Millions of young stars shine brightly in this enormous stellar nursery at the heart of the Tarantula Nebula.
The Hubble space telescope captured this amazing panorama, which reveals intricate details about the expanse known as 30 Doradus. Located about 170,000 light-years away in the Large Magellanic Cloud — a small galaxy orbiting our Milky Way — 30 Doradus is one of the largest and most prolific star-forming regions in our galactic neck of the woods.
The region is so huge that, if it were as close to us as the Orion Nebula (the nearest stellar nursery to Earth, about 1,300 light-years away), it would be the size of 60 full moons in the sky and glow so brightly that it could cast shadows on the ground.
Though 30 Doradus isn’t quite that close, Hubble can still resolve the individual stars inside the region, allowing astronomers to study the lives of stars in detail.
Stars are born when a mass of gas and dust collapses under its own weight.
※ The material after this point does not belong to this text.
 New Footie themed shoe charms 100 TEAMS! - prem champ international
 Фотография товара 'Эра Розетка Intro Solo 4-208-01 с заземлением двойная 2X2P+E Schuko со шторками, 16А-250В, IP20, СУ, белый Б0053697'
The center of this mass gravitationally attracts more material, growing larger and heavier. The extra material increases the density and temperature in the central region. Eventually, the mass reaches a critical point and hydrogen will begin fusing into helium. The star ignites, releasing copious amounts of heat and energy.
Inside 30 Doradus, Hubble can spot stellar babies, only a few thousand years old and still wrapped in the remnants of the dusky cloud of gas that gave rise to them. It can also see massive stars a few tens of millions of years old, which burn through their fuel fast and die young.
The white region in the left side of the picture contains some of the most massive stars in the universe, weighing in at hundreds of times the sun’s mass. This stellar cluster is roughly 2 million to 3 million years old and contains about 500,000 stars in total. Intense ultraviolet light released by the young stars pushes against the surrounding gas and dust, carving out the beautiful structures and filigrees seen in this image. Some of this gas and dust will be mushed together, increasing its density and potentially sparking the birth of more new stars.
The new image was released Apr. 17 in honor of Hubble’s 22nd year in orbit. You can download the image at 4,000 x 3,200 pixels, but if you want to really zoom in on the picture, download the insanely large version of 20,323 x 16,259-pixels. (Warning: It’s 643 MB.)